Check for a broken wire in the loom. start at the harness clamp where the harness enters the control. and do the control power and ground wire first. A quick continuity check on the red/black and black wire are in order. a proper ground is as important as a strong 12 volts. Be sure to attach to a keyed circuit so you don't drain your battery if you forget and leave it in float at the end of a 48 hour day. 

Oh and make sure the bulb for the DP in the control is not burned out. that could change a bunch of things.


----------



## procarry21 (Feb 14, 2010)

Thanks for the input basher and t-sig.

I checked the joystick diodes, wiring, and light today and all is good. Put 12 volts on the pins with the toggle switch on and the light worked.

I used an adapter to plug into and existing fuse slot (used the one for the radio). I plan on checking the voltage coming out. make sure I am getting 12v, then start looking at all the connections. Now that I know the joy stick is good, I am hoping to find the bad link!

Thanks for all your help, snow drifing like crap and still having to use my beater with now reverse ,cracked block, and rusty leaking gas tank. Deep skills to plow with this beast.


----------



## procarry21 (Feb 14, 2010)

Thanks to everybody for there advice and help. Got the truck wired last night. The problem was right at the fuse box as you guys mentioned it might be. Was not gettting 12 volts. The wire had an open right at the fuse location! Think when the wire was not installed and straight it made contact and continuity checked ok.

Anyway, everything looks good, Thanks much.

procarry21
Snow way 25
1999 Siveraldo


----------



## basher (Nov 13, 2004)

Good deal. Glad it's working now its time to make a little payup


----------



## t-sig (Feb 5, 2010)

Glad to help! I have had 2 snoways and have no real complaints. The down pressure is a great feature if you have snow pack to scrape, or, if you are back dragging. If you haven't, you may want to read through some of the chevy truck forum. If your truck isn't a "plow prep" you may want to upgrade the front suspension and the alternator. 500 pounds of ballast at the tailgate is good too. The front of my 2000 Silv. dropped pretty good the plow on.


----------



## basher (Nov 13, 2004)

t-sig;1003499 said:


> The front of my 2000 Silv. dropped pretty good the plow on.


Yeah a crank or two on the T-bars and a set of timberns is a must on any Chevy, plow prep or not.


----------



## CMU07 (Sep 29, 2009)

I'm having pretty much the same problem. Was plowing and the plow wouldn't move (up left or right). Got it up and back to the shop. The solenoid just clicks but I'm gettin nothing from the plow.
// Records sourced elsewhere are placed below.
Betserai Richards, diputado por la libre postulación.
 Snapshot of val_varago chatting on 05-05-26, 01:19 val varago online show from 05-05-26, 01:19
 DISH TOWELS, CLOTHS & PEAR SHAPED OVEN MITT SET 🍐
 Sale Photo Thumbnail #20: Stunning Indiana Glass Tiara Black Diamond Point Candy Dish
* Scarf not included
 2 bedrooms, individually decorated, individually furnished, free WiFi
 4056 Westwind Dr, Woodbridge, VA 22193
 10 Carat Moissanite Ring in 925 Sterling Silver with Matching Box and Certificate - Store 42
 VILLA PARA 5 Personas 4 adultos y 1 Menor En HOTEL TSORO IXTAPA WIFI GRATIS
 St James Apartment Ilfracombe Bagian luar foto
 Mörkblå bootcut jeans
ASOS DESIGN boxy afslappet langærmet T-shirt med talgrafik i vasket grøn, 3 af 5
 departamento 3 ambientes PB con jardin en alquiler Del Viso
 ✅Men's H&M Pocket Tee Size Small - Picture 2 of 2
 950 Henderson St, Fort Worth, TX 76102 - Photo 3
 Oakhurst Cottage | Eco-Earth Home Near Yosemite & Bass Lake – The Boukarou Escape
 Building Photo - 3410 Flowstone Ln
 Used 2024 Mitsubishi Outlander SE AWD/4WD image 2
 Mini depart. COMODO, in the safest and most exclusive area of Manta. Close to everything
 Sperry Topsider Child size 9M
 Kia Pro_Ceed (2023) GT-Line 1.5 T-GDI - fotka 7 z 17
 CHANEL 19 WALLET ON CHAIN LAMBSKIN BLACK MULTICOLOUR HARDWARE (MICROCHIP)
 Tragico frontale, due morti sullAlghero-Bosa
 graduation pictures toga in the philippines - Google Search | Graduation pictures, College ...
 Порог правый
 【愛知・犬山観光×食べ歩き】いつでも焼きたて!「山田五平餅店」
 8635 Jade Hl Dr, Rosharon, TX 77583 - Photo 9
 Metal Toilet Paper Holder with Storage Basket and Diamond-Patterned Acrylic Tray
I'm not much for any electrical, but saw a bent terminal on the solenoid so I'm hoping that when the auto shops open I can grab a 12v 4 post. If it's not that I may be SOL, because I don't think I could run down wires like you guys.


----------



## basher (Nov 13, 2004)

yes replace the 12volt motor solenoid. buy a good one, 150amp constant duty or better. If you can get a trombeta "Bear" 600amp constant duty pay the money you have to modify a little to install but it is well worth the time and price.


----------



## CMU07 (Sep 29, 2009)

thanks for the suggestion, ended up goin with the exact same one that came out. there arent a lot of options around here, closest dealer is 30miles away and I needed it quick! working again though!


----------